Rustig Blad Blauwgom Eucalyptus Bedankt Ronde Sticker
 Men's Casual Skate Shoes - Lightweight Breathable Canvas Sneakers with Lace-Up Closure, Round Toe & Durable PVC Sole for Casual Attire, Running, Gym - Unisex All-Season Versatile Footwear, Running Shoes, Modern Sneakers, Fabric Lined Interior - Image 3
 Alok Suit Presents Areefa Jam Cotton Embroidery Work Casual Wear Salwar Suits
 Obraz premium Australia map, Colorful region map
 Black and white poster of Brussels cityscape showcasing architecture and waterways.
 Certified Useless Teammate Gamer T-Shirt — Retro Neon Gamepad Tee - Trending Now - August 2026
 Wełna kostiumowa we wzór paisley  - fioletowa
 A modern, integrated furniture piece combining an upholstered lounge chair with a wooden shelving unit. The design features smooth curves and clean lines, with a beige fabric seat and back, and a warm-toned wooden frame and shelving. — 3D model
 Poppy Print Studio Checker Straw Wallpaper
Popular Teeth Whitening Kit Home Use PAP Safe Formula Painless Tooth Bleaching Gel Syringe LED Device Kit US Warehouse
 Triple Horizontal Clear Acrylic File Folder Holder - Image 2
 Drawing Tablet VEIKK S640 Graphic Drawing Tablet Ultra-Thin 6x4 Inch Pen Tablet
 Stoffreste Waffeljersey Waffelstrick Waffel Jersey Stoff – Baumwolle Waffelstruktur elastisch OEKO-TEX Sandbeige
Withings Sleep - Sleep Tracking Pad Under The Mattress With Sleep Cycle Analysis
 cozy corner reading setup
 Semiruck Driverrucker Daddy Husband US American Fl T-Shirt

* * *

### What you will do
An exact, complete copy of the lines above from the one with "Obraz premium Australia" through the one with "Wełna kostiumowa we" is the whole answer.

### Output for this exercise
 Obraz premium Australia map, Colorful region map
 Black and white poster of Brussels cityscape showcasing architecture and waterways.
 Certified Useless Teammate Gamer T-Shirt — Retro Neon Gamepad Tee - Trending Now - August 2026
 Wełna kostiumowa we wzór paisley  - fioletowa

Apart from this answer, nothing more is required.